(Available data Opens)

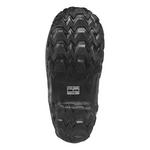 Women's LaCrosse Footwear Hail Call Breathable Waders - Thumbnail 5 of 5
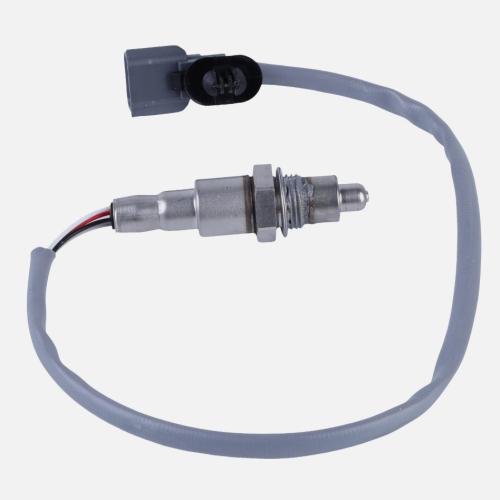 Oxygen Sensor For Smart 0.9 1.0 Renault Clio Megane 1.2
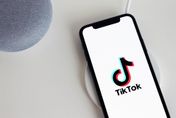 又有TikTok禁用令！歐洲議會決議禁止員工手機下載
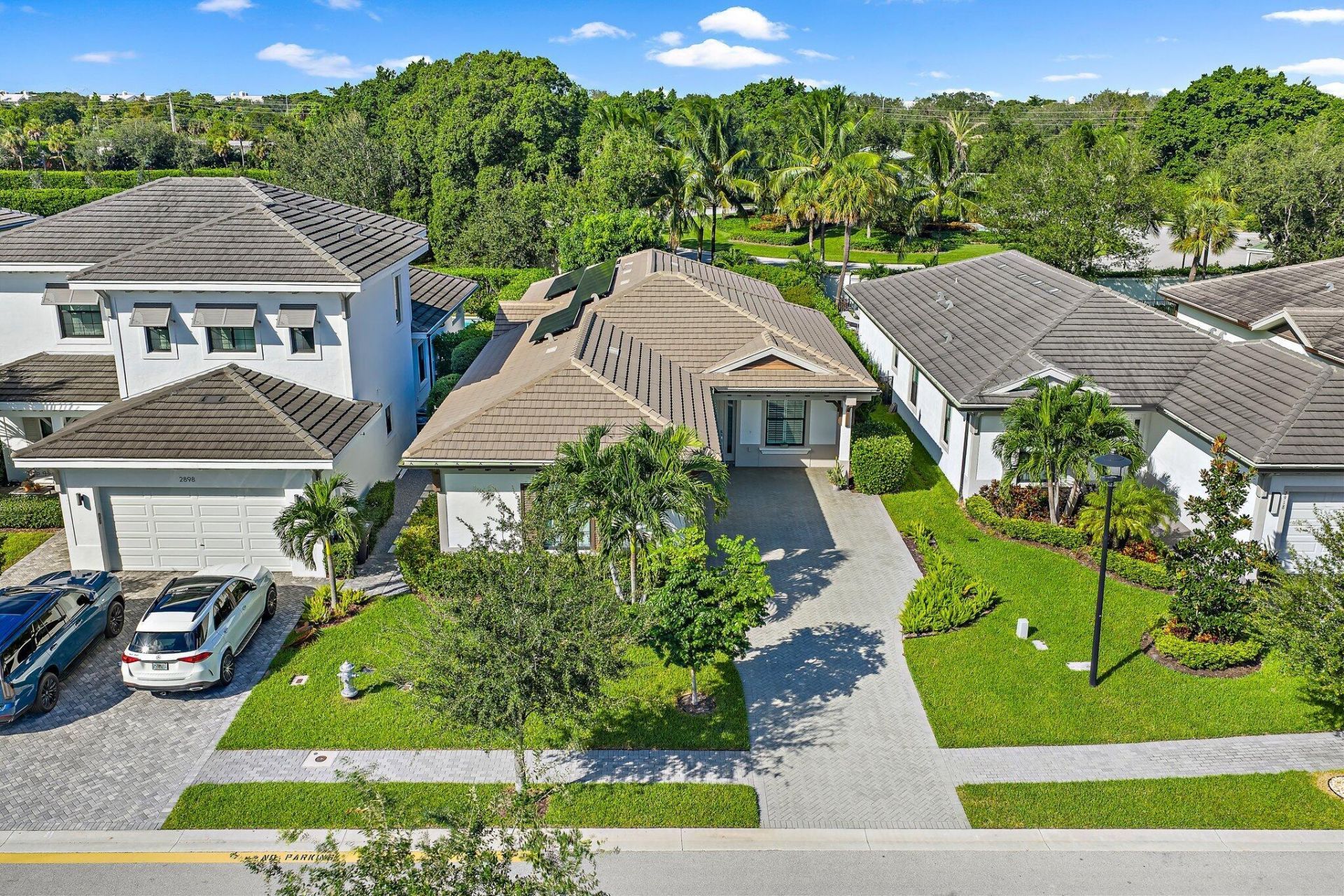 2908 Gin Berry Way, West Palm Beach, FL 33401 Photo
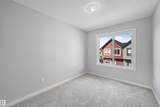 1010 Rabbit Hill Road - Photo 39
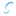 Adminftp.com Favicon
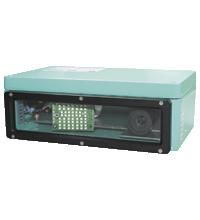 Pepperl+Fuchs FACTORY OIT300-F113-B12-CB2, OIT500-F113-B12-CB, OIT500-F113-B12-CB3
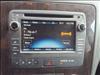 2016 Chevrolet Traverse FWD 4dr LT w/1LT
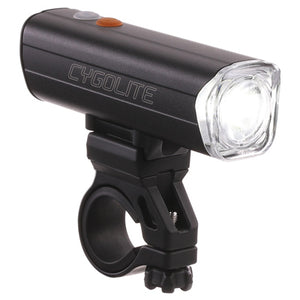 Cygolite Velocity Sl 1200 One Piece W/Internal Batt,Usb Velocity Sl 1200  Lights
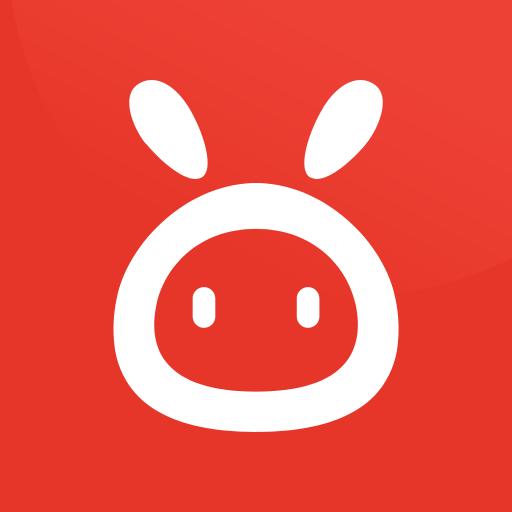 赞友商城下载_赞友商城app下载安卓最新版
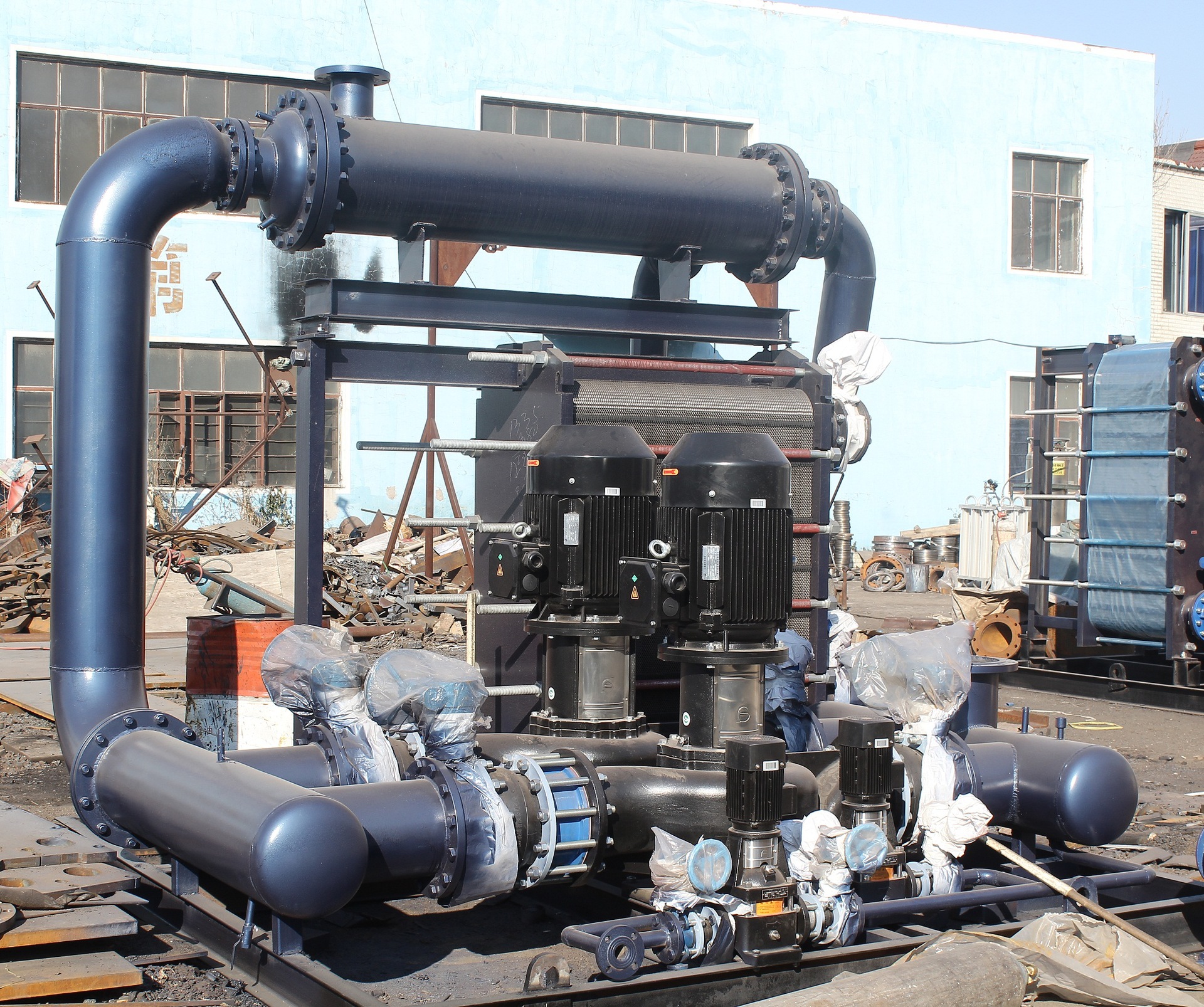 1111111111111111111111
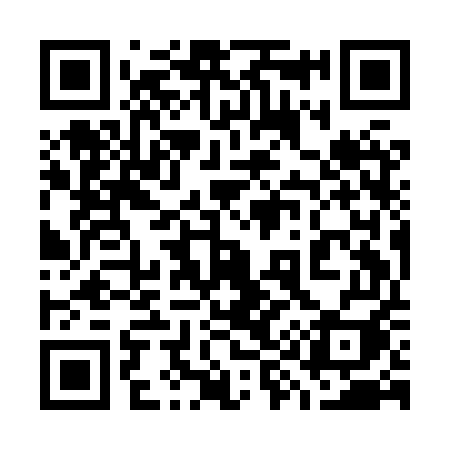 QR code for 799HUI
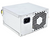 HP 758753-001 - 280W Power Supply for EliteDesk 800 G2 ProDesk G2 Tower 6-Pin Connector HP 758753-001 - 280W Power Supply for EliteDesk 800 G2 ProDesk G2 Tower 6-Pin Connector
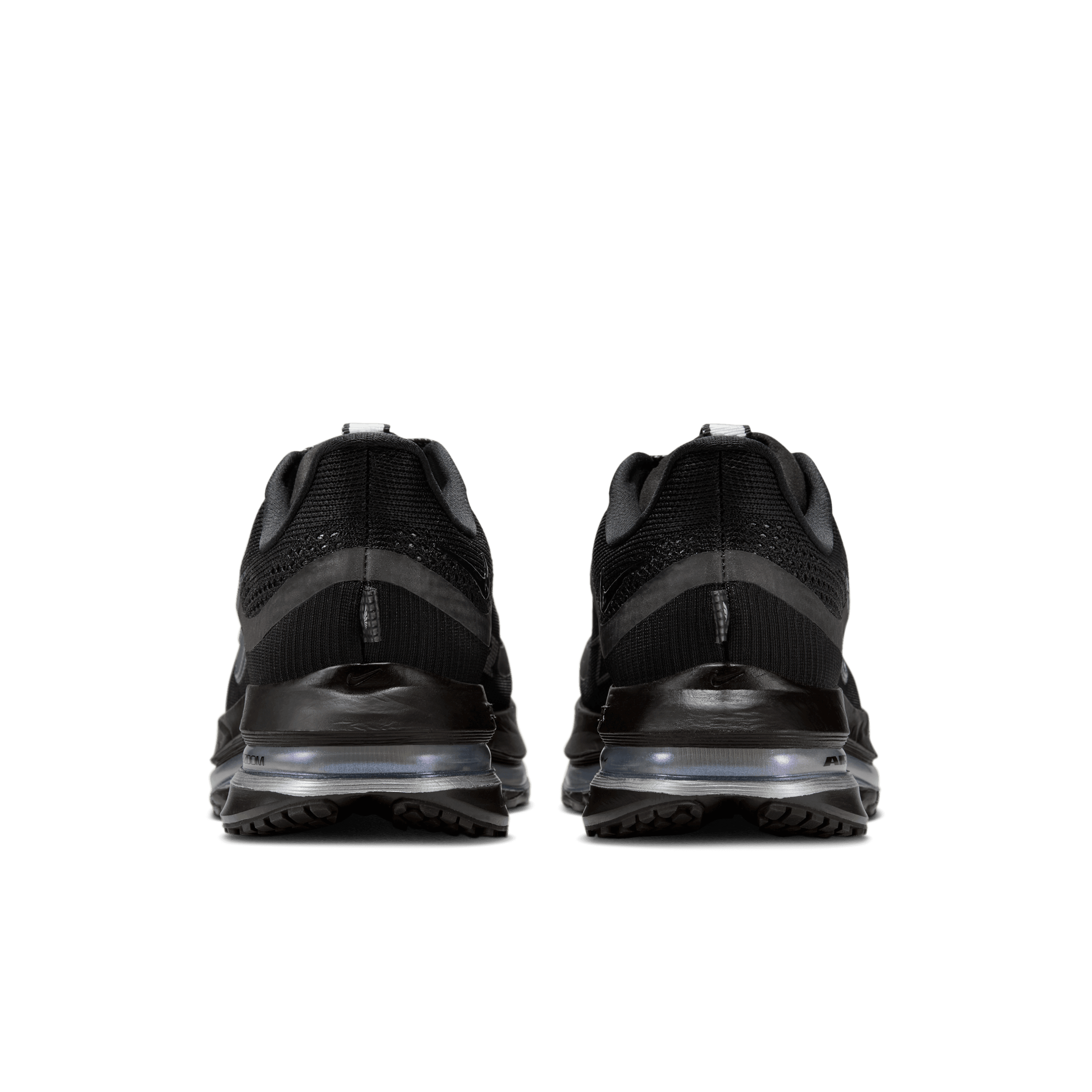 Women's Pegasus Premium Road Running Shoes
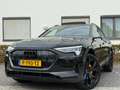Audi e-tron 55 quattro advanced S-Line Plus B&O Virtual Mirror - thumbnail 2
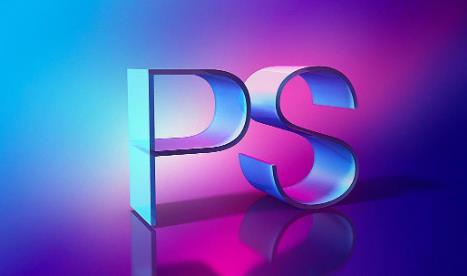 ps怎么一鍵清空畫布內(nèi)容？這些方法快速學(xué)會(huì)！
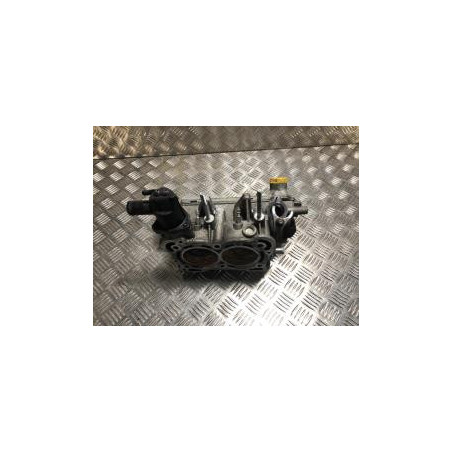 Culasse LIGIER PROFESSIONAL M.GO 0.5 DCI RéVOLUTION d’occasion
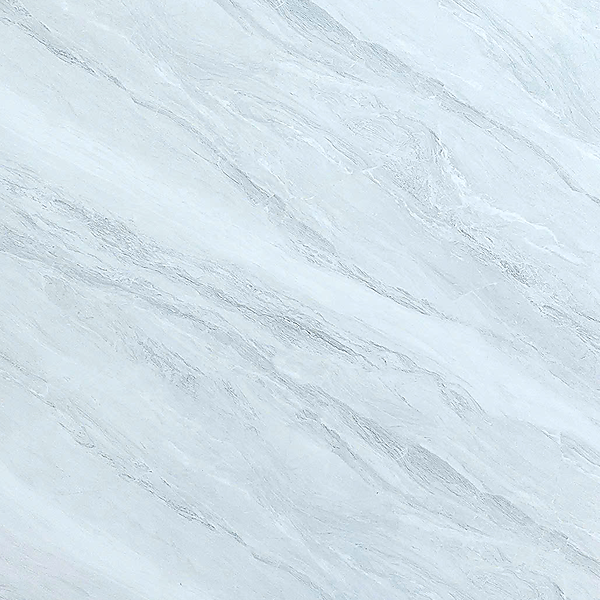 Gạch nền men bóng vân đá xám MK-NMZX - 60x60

(Available data Closes)

> **Directions**
Your copy should hold only the lines running from the one that contains "赞友商城下载_赞友商城app下载安卓最新版" through the final line of the data; transcribe them exactly, both ends included, and leave pictures out.

> **Solution for this exercise**
 赞友商城下载_赞友商城app下载安卓最新版
 1111111111111111111111
 QR code for 799HUI
 HP 758753-001 - 280W Power Supply for EliteDesk 800 G2 ProDesk G2 Tower 6-Pin Connector HP 758753-001 - 280W Power Supply for EliteDesk 800 G2 ProDesk G2 Tower 6-Pin Connector
 Women's Pegasus Premium Road Running Shoes
Audi e-tron 55 quattro advanced S-Line Plus B&O Virtual Mirror - thumbnail 2
 ps怎么一鍵清空畫布內(nèi)容？這些方法快速學(xué)會(huì)！
 Culasse LIGIER PROFESSIONAL M.GO 0.5 DCI RéVOLUTION d’occasion
 Gạch nền men bóng vân đá xám MK-NMZX - 60x60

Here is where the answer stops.